4.0いつも通り面白かったし、謎深い(監督が)

2023年10月22日
スマートフォンから投稿
鑑賞方法:映画館

 どこか岩井俊二の集大成的な作品のようにも感じたが、最近観る岩井作品はいつもそんな感覚があるので、やっぱりいつも通りの岩井作品か。物語自体は雑でわりとどうでもいい作りだったり、子役の使い方が抜群に上手かったり、あらゆる場面が抒情的で美しい、などといったところもこれまでのフィルモグラフィーと同様で、つまりいつも通りに面白いということなのだけど、その上で今作はアイナ・ジ・エンドという稀有なアイコンを得て、いつも以上にエモーショナルな作品にもなっていて、新鮮味があった。

 そしてこちらの好きなものをバンバン投入してくるのも相変わらずだった。今作では七尾旅人が重要な役どころで登場するし、花澤さんまで歌で岩井ワールドに入ってきた。毎回のように特撮人脈や、ややアングラ寄りのアーティストを使ってくる感覚はどう考えてもこちら(オタク)側なんだが、本人からは全くその気配が漂ってこない、それどころか監督自身から漂うのは広告代理店的な自己演出感で、キャスティングなども含めて色々計算が働いてそうなんだけど、作品自体は感性と純粋さに溢れていて、ほんと謎である。感覚で生きてるように見えるのに作品自体は客観的な視点で作ってしまう勝新や西村賢太の逆パターンなのか。そもそも今作も含めて少女への執着とかかなり気色悪い筈なのに、殆どそういう受け取られ方をされない立ち位置というのもかなり特殊だ。3.11のドキュメンタリー映画で見せたような、ちょっと行き過ぎたぐらいのピュアネスを持っていながら、日本映画のオーバーグラウンドの中心点で作品を作り続けられるのは、その外面の、こちら側からすると鼻持ちならない感じがあってこそだろうな、とは思う。

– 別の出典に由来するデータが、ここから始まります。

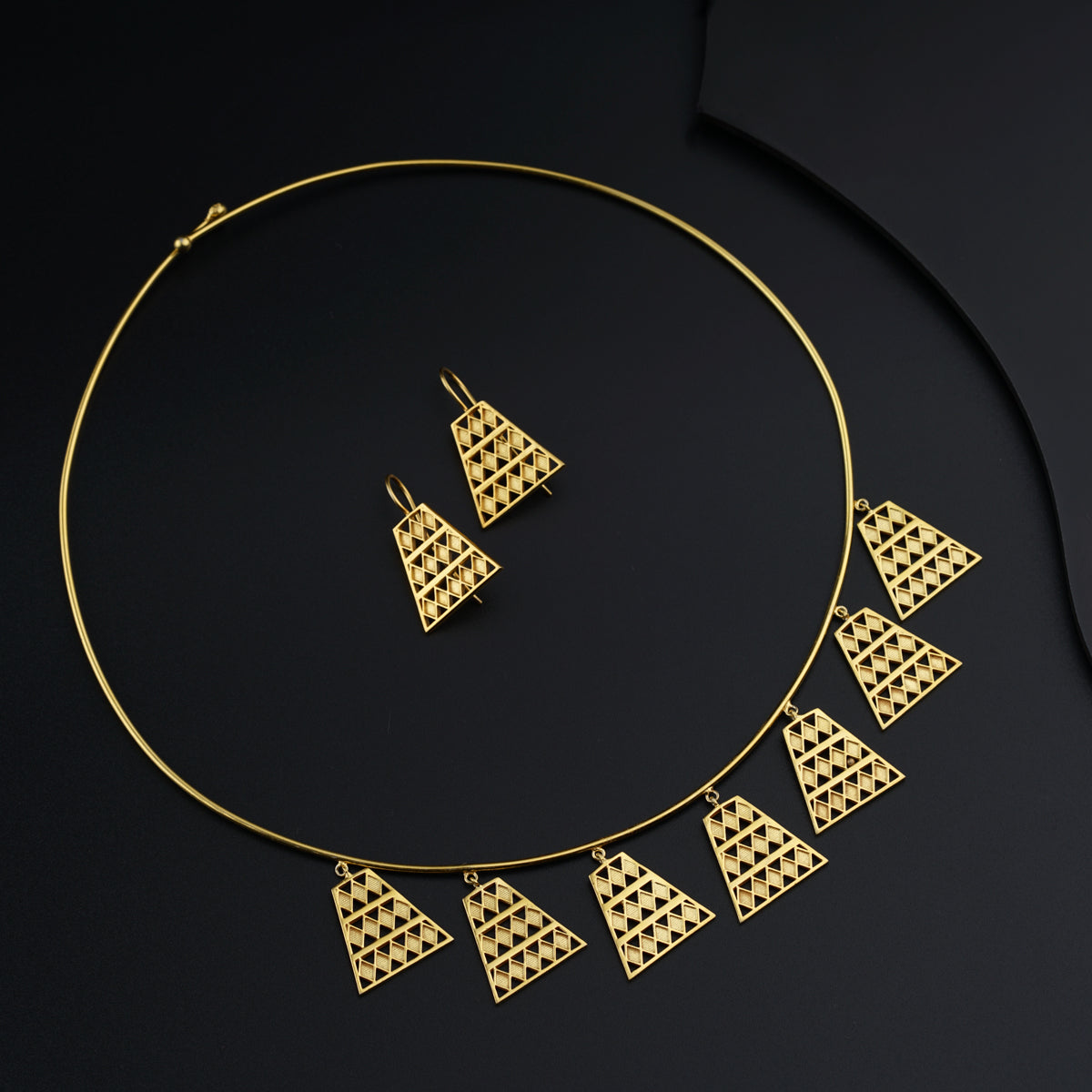 a gold necklace and matching earrings on a black background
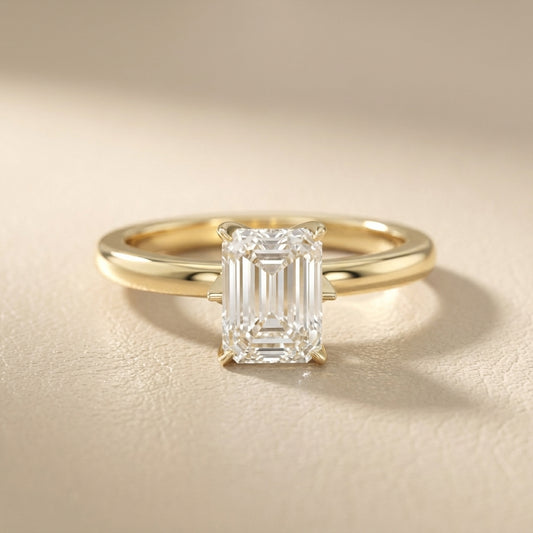 Emerald Cut Lab Grown Diamond Solitaire Engagement Ring with Floral Setting in Yellow Gold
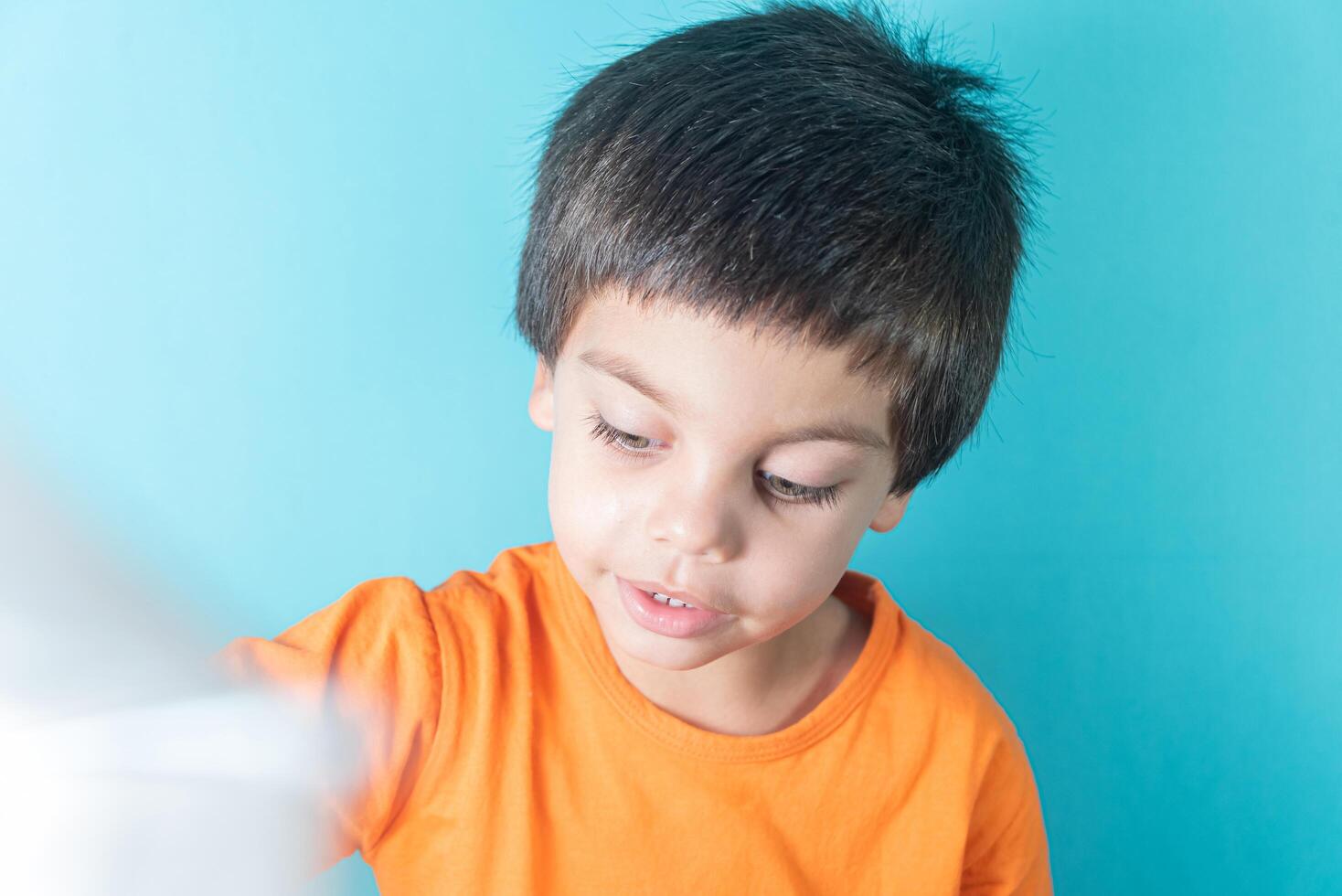 Boy in orange tshirt with funny face 13944491 Stock Photo at Vecteezy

 で、今作はやはりどうしたって主演のアイナ・ジ・エンドの歌が肝になっていて、陳腐な言い方だけど、ブルージーな歌声の存在感が際立っていた。声の感じからすればジャニス・ジョプリンとかエイミー・ワインハウスみたいにエモーショナルな悲劇性や情念の方向にいきそうだが、本人が飄々として、わりと普通な佇まいなのが暑苦しさ少な目で良かった。そして広瀬すずはもちろん良い…。すでに大物の貫禄すらあったよ。あと、出てくる業界人やセレブ層がいかにも実在してそうなキャラクターで、全員イヤな雰囲気を醸し出しているのも良かったし、流石だった。この業界人のヤな感じっていうのが、そのままこちらの岩井俊二への印象にも重なるというのが、ますます監督の謎深さを助長させてもくれるのだが…。